Since he would not come with me, I had to go down to the Dean’s office again. The Dean wasn’t there, but when his secretary heard that the student was in another class, she was like, “What?? We have to radio security to go get him!!” My mind was screaming, “WHAT? Are you crazy? This is the least of our worries now!” But it was too late. She was already marching down the hall to get security. Inside I was like, “NOOOOOO it’s over. This kid will never ever talk to me or any teacher ever again.”
I was completely flustered and kicking myself for getting in this mess. I walked up and down the hallways, checking the room and then the Dean’s office, just waiting to see the situation blow up in my face. But (praise God!) the security for whatever reason did not go get him. Even though the worst was over, I was still bummed about losing my student’s trust so quickly after gaining it.
All day, I kept playing over the events of the morning in my mind, thinking about how I could have worded things differently here or not done something there to avert the drama. But tonight, while listening to the sermon, it hit me. The problem wasn’t with the circumstances, but with me. As much as I might want to appeal to my “good intentions”, I can pinpoint this whole mess back to one small breakdown in my integrity. This might sound silly, but really, what I should have done was enforced school policy and asked the student to go back to his class. I know, not very revolutionary, right? But think about it. That was really the cause of my dilemma when I stood before the Dean. I knew where the student was, and it wasn’t where he should have been. That’s when I realized that no matter what I did, I would have to break faith with someone, either the administration or the student. I tried my best to walk the line, but in the end, I was not completely honest with either. My student had every right to be mad with me. By talking to him then, I implicitly conveyed that I was okay with the fact that he was out of class. Then when I came back and said, “oh, the Dean wants to talk to you about ditching class”, how could it not seem like I set him up to get in trouble?

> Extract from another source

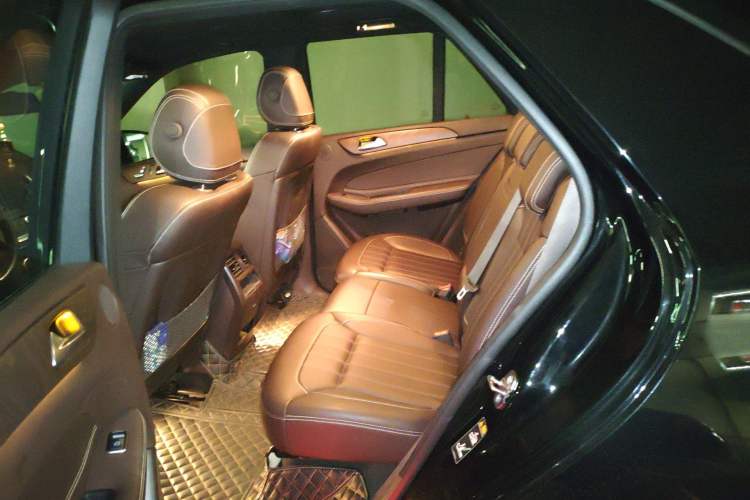 Used Mercedes-Benz GLE 2018 GLE 320 4MATIC Dynamic Edition Collector's Edition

I am so ashamed just thinking about how I could say to my student, “No, I won’t lie to the administration for you”, when my actions had already conveyed such hypocrisy and inconsistency of character. There I was, condemning law-breaking, while breaking rules myself. I am even more disgusted thinking about how I had told the student I was a Christian, only moments later to completely disgrace the name of Christ.

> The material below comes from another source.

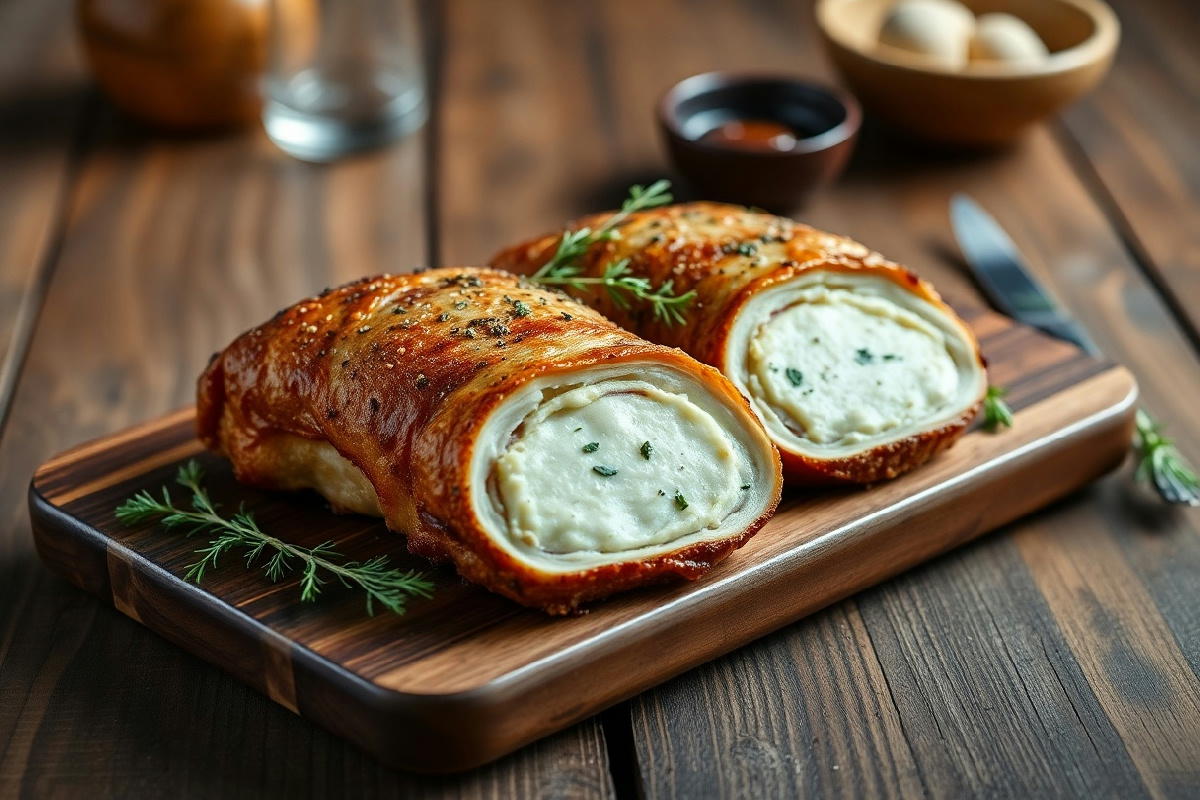 Cordon bleu fatti in casa: il piatto che conquisterà la tua famiglia e ti farà dimenticare il supermercato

Later that afternoon, I read Psalm 51, and I was struck by verse 13, “Then I will teach transgressors Your ways, and sinners will return to You.” I thought, “Yes, Lord! That is exactly what I desire, for those who have rejected You, who are rebellious towards You, to repent and return!” But what precedes this verse? What are the conditions for this to happen? Is it not David’s plea to “create in me a clean heart, O God, and renew a steadfast spirit within me”? Is that not the only way one wretched transgressor can bring hope to another?
The sermon tonight drove this conviction home. The speaker’s 3 points of application, drawn from Daniel 6 (the story of Daniel and the lion’s den) were these:
In the midst of trying circumstances…
1) living a life of integrity gives confidence.
2) living a life of integrity gives comfort.
3) living a life of integrity gives clarity.
All day, I was unsure, troubled, and confused about all the circumstances around me. But the cause was really a lack of integrity within me. Having realized that now, and repented and enjoyed His grace, I feel so much more grounded and at peace. I am still praying for my student. I have no idea what will happen next week. I don’t know if he will trust me again, but that’s okay. My main goal is no longer for him to trust me, but for myself to simply be trustworthy.
Create in me a clean heart, O God, and renew a right spirit within me.